Almost a year ago we discussed a dispute that had broken out within the American Society of Hypertension (ASH) about the role of industry in and conflicts of interesting affecting the society's work.
The New York Times has followed-up with another story, this one highlighting the society's role in a new and more expansive definition of hypertension. This definition included some people with "pre-hypertension," previously defined as a blood pressure between 120/80 and 139/89, within a newly defined "state 1 hypertension" group. This expanded definition appeared in an article whose lead author was the current President of ASH (Giles GD, Berk BC, Black HR, Cohn JN, Kostis JB, Izzo JL Jr, Weber MA. Expanding the definition and classification of hypertension. J Clin Hypertens 2005; 7: 505-512.) The Times noted that "of the seven doctors who wrote the proposed new definition, six have said they served as consultants and speakers for pharmaceutical companies that make blood pressure medications. The seventh is a consultant and stockholder in a company that markets a diagnostic method to measure damage to blood vessels."

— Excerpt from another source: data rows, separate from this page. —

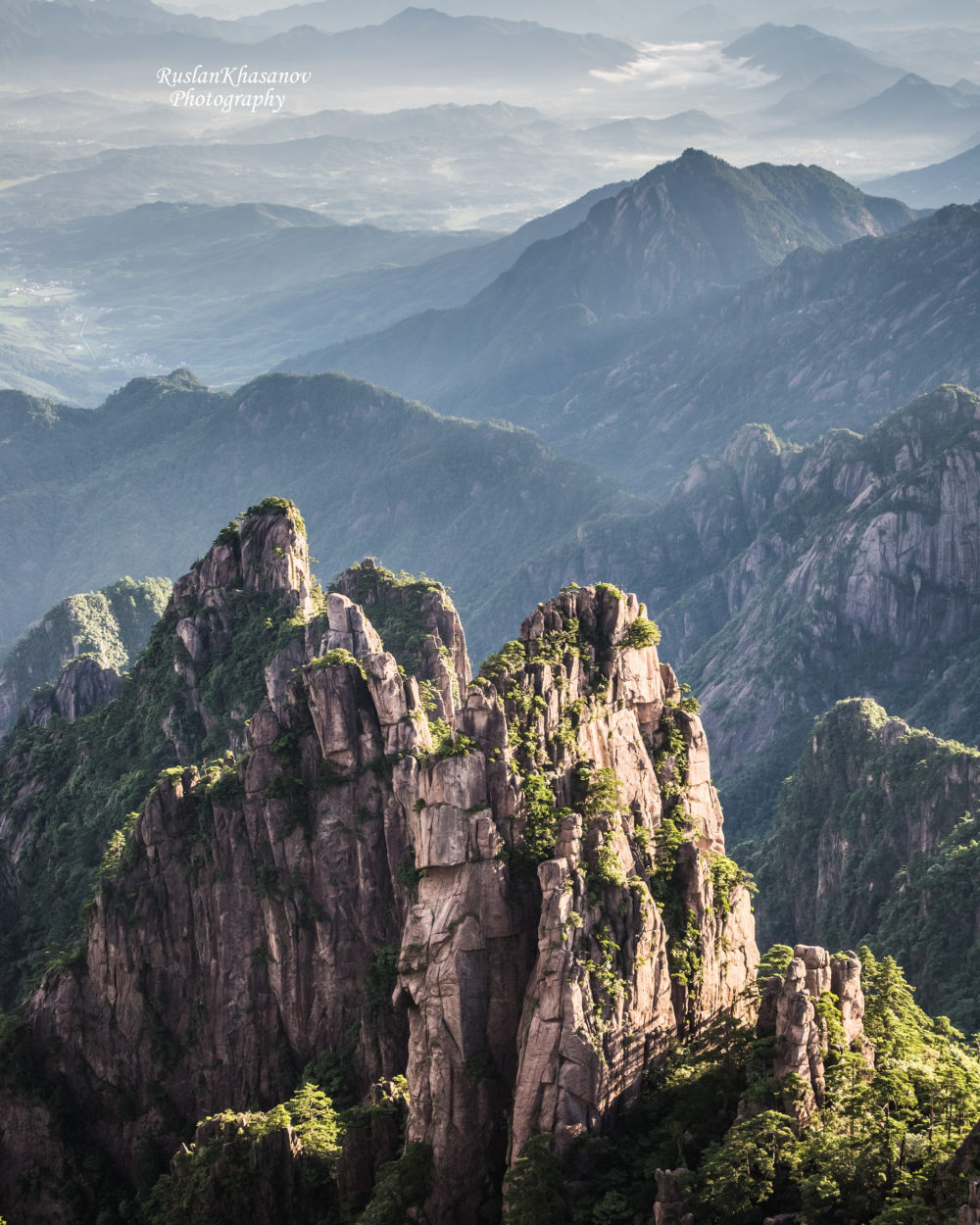 https://mdw-travel-data-us-east-1.s3.amazonaws.com/img/country/China/Huashan-Peak/img_01.jpg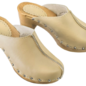Holzsandalen mit hohem Absatz in Beige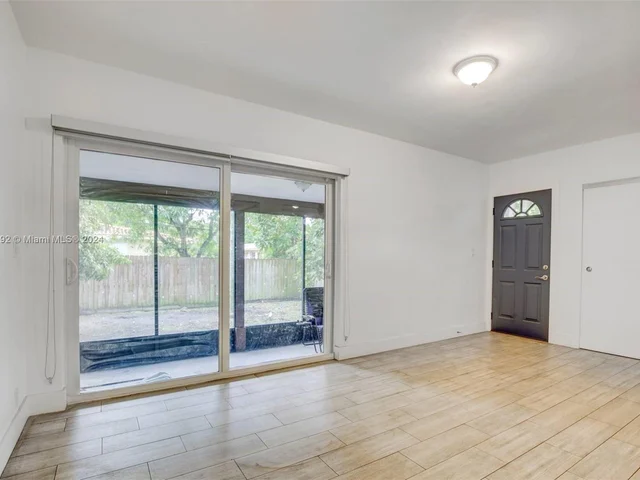 3360 SW 29th St, Miami FL 33133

The Times also noted "the work of the group that developed it was financed by $75,000 in unrestricted drug industry grants from Merck, Novartis and Sankyo...." Furthermore, a society staffer "confirmed that the dinners [to discuss the new guidelines] were financed by $700,000 in grants, also unrestricted, from the same companies."
Internal critics within the society criticized the process. "This is about the monetarization of medicine," said former society President Dr Michael H Alderman, who had withdrawn from the group which proposed the new hypertension definitions. Furthemore, he noted, "all this has got the ring of seeming to be of great benefit to the pharmaceutical industry without clear evidence that it's going to be the same benefit to the public." Dr Curt D Furberg, from Wake Forest University, also withdrew from the group. He charged that "its work was not evidence-based, ... [and] 'the industry wants to sell drugs and to as many people as possible.'" Jane E Sealey, who had been President-Elect of the society, said, "the truth of the matter is that we have many members who are leaders in our society who are making well into the six figures from their pharmaceutical-company-supported activities." Dr Sealey immediately resigned her presidency at the society's annual meeting, according to theHeart.org.
ASH President Giles countered that "the organization had always maintained a firewall between its activities and industry funding. 'We don't take money that has strings attached to it.'" One of the authors of the new hypertension definition, Dr Joseph L Izzo of the University of Buffalo, said "there are those who accuse us of being nothing more than shills of industry: a lot of us take pretty great offense at that."
This seems to be another example of how disease definitions get expanded, often with some degree of participation by pharmaceutical companies who have interests in increasing the market for their products. Note also that the sorts of possible conflicts of interest described may have largely unconscious effects on those affected, as we have discussed. So the indignation of people who are not conscious "shills of industry" is real, but perhaps misplaced.
Furthermore, this is another case that suggests physicians and patients need to be increasingly skeptical about the apparently authoritative guidelines that now rain down on us.
Finally, the Times also reported that Dr Steven E Nissen, new president of the American College of Cardiology, "suggested that the medical profession had become addicted to industry money just as the nation was addicted to foreign oil." Maybe it's time to kick the habit.